The golden hue of the July morning wakes me out of a cozy sleep. The kind where I barely rustled all night and all my dreams were happy.

As my eyes flutter open, my heart warms at the happy thing that wasn’t a dream.

Justin.

I’m nestled against him, and his arm is draped over my waist. A big difference from yesterday morning.

My heart races, remembering how he perfectly owned my body last night. I’ve never come so hard or so easily from another person before. It’s like he knew exactly what I needed, and slowly stoked the fire, getting me there without rushing or forcing anything.

Then those sinful moans he made when I was going down on him? I could’ve listened to those noises all night. Though sleeping in his arms is… better. More .

Cooking and watching our favorite shows together helps get to know each other better and develop the roots of our friendship.

Sexual stuff is sexual stuff.

But this is bigger.

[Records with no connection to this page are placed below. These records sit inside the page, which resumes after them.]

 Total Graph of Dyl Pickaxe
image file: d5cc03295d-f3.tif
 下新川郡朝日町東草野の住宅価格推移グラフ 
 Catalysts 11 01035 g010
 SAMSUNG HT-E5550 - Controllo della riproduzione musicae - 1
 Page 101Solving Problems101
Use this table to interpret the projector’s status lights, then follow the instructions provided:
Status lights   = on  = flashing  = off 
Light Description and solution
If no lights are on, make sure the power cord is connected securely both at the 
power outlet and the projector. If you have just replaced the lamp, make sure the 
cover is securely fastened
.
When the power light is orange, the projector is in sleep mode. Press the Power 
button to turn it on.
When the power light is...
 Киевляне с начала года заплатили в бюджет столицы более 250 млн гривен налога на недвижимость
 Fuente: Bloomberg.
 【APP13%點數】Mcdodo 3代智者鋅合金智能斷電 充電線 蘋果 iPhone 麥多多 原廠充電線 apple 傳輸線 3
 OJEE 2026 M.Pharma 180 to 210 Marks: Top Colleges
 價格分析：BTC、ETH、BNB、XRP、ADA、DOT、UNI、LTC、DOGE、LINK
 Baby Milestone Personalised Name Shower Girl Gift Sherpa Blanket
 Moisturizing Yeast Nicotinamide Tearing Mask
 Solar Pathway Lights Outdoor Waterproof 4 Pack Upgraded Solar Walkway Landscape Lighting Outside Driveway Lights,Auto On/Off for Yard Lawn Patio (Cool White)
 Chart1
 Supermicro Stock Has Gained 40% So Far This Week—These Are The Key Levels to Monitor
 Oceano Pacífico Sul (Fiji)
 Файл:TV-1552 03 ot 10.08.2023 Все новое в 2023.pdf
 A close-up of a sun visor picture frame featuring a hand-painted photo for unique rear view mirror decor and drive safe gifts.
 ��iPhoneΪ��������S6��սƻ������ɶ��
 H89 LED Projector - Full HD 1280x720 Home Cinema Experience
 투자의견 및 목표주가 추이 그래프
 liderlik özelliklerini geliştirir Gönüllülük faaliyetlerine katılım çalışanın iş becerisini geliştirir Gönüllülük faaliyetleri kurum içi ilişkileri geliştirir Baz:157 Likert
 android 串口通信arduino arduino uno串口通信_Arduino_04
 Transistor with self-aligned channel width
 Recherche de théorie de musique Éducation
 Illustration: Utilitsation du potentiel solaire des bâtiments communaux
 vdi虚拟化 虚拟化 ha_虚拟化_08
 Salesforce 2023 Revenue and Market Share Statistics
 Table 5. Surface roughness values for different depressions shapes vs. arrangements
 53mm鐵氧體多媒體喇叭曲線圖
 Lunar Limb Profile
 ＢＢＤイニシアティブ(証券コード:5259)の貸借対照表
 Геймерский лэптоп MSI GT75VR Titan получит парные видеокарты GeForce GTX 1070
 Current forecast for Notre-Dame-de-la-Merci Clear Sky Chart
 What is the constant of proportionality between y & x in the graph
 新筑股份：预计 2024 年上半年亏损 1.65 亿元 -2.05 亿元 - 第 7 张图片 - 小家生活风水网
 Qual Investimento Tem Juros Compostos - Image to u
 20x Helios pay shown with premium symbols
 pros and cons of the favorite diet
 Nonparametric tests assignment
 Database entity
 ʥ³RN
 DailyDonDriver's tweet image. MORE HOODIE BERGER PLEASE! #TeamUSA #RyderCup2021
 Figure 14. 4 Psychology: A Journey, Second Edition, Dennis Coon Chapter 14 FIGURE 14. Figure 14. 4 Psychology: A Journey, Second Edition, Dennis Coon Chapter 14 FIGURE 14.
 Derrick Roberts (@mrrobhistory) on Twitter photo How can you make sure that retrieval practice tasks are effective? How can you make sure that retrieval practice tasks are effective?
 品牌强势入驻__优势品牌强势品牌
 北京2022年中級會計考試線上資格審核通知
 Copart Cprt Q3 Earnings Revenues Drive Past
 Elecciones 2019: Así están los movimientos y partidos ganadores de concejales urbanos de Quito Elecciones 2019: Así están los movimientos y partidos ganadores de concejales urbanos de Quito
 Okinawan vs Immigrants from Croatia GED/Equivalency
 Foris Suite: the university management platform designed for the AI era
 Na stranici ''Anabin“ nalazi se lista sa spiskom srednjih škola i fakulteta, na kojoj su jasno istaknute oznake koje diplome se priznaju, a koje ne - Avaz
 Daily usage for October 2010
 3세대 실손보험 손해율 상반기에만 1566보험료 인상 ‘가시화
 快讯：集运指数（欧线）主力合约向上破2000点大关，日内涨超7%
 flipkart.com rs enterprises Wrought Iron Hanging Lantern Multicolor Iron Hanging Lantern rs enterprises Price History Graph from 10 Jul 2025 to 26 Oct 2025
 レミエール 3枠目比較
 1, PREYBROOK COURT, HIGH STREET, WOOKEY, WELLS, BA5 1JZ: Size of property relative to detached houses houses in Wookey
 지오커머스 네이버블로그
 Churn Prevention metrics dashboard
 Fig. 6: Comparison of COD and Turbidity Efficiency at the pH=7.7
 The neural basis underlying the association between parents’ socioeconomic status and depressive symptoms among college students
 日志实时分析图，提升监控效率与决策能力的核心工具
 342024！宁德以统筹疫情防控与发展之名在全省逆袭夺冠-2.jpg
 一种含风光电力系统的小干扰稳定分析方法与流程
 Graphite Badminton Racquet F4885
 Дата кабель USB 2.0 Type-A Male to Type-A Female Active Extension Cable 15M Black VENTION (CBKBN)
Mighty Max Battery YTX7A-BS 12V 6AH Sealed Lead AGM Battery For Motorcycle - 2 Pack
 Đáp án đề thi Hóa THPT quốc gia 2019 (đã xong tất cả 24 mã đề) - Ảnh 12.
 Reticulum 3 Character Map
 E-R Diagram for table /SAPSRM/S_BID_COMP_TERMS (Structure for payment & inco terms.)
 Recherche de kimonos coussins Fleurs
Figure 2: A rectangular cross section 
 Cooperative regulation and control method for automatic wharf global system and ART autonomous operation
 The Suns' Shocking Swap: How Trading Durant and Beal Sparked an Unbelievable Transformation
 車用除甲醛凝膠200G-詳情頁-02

This is a marriage. Or a relationship. Feelings . And while that’s scary because I don’t know what it means, I’m really enjoying it.

Justin yawns as he stirs, waking slowly. When his eyes land on me, he smiles contentedly.

“Morning darlin’.”

“Morning. Sleep well?”

He stretches and sits up, so I sit up too.

“Great, actually.”

“Me too.”

We stare at each other for a moment, and I bite my lip.

“Breakfast?” he asks.

As much as I want to beg him to stay in bed with me all day, I chicken out.

“Yeah, sounds great.”

He pops a kiss on my cheek and hops out of bed.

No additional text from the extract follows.